Prompt →
Lines from the one containing "[READY STOCK] New" through the end of the data are to be returned exactly, and no others.

Data extracted from a collection →
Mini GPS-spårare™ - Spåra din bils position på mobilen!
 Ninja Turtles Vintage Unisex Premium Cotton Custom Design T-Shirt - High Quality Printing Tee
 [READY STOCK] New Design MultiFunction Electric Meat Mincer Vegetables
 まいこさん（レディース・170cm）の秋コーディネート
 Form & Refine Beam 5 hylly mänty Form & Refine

Result →
 [READY STOCK] New Design MultiFunction Electric Meat Mincer Vegetables
 まいこさん（レディース・170cm）の秋コーディネート
 Form & Refine Beam 5 hylly mänty Form & Refine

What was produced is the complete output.